17. O despacho saneador, além de outros, tem o mérito de centrar num único momento processual o saneamento das questões de índole adjectiva ou processual, devendo o juiz aí suscitar e resolver todas as questões que possam obstar ao conhecimento do objecto do processo, sob pena de sua preclusão, formando-se caso julgado formal sobre a sua inexistência, se o tribunal não as apreciar ou não as considerar procedentes.
18. A segunda parte do nº 2 do art. 87º do CPTA não consagra a solução do, então, art. 510º, nº 3, do CPC, antes dela propositadamente se afastando ao substituir a expressão “concretamente apreciadas” pela expressão “decididas”.
19. Pretende-se, com isso – como decorre das regras de interpretação do art. 9º do CC - dizer que, em processo administrativo, tanto valendo que a decisão seja concreta, como tabelar, não pode nunca ser reapreciada.
20. É o que é coerente com a proibição de decisão posterior, mesmo que nenhuma se tenha proferido e é o que explica a diferença de texto.
21. No caso, em 4 de Maio de 2012, o Senhor Juiz proferiu Despacho Saneador em que, tabelarmente, decidiu ser o Tribunal competente em razão da matéria, dizendo, designadamente, em sede de “saneamento processual”: O Tribunal é competente em razão da matéria, hierarquia e território”.
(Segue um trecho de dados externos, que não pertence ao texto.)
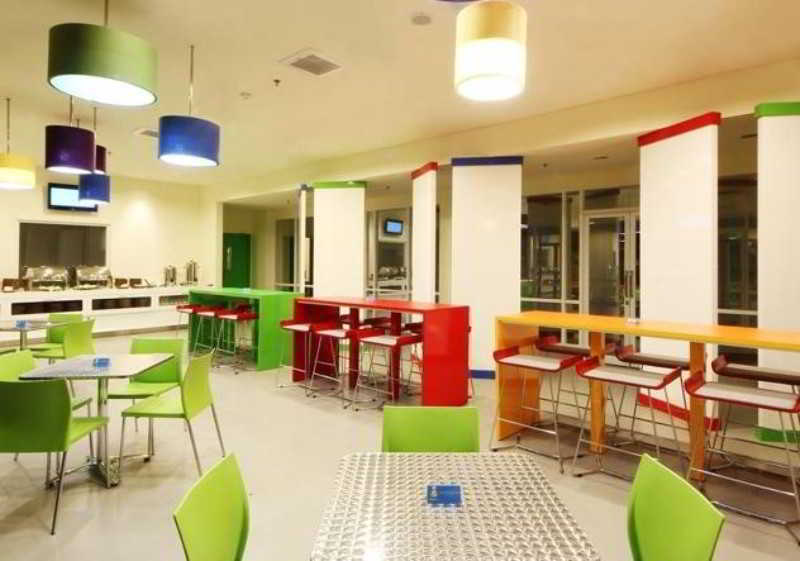 Pop! Hotel Sangaji Джокьякарта Экстерьер фото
22. Dessa decisão não foi interposto recurso.
23. Mais decidiu, na mesma ocasião, que, por não haver necessidade de produção de prova, fossem as partes notificadas para apresentar alegações escritas, nos termos do art. 91º, nº 4, do CPTA.
24. O que a A. entendeu não fazer e o que o R. entendeu fazer, por requerimento de 3 de Setembro de 2012.
25. Ficou, então, o processo pronto para decisão de mérito.
26. Mas, conclusos os autos para esse efeito, o Senhor Juiz a quo, ao invés, entendeu ouvir as partes sobre a possibilidade de entender pela incompetência material do Tribunal e, apesar de alertado pela A. de que o não poderia fazer, decidiu mesmo por essa incompetência, absolvendo o R. da instância.
27. Dizendo, para o fazer, que a decisão do Saneador tinha sido tabelar e que, por isso, não faz caso julgado, que a questão da incompetência material do tribunal é de conhecimento oficioso e pode ser conhecida a qualquer tempo, e que essa, por envolver interesse público, escapa à restrição do art. “87º, nº 4, do CPTA”.
28. Não o podia ter feito.
29. Em primeiro lugar porque, considere-se ou não que a decisão tabelar sobre a competência do tribunal, faz caso julgado formal, a solução, expressa e inequívoca do art. 87º, nº 2, do CPTA, é a mesma.
30. Se se considera que faz, caímos na previsão da segunda parte desse normativo legal; se se considera que não faz, tudo se passa como se não tivesse sido proferida e, então, caímos na previsão da primeira parte desse normativo legal, ou seja, na situação de caso julgado tácito.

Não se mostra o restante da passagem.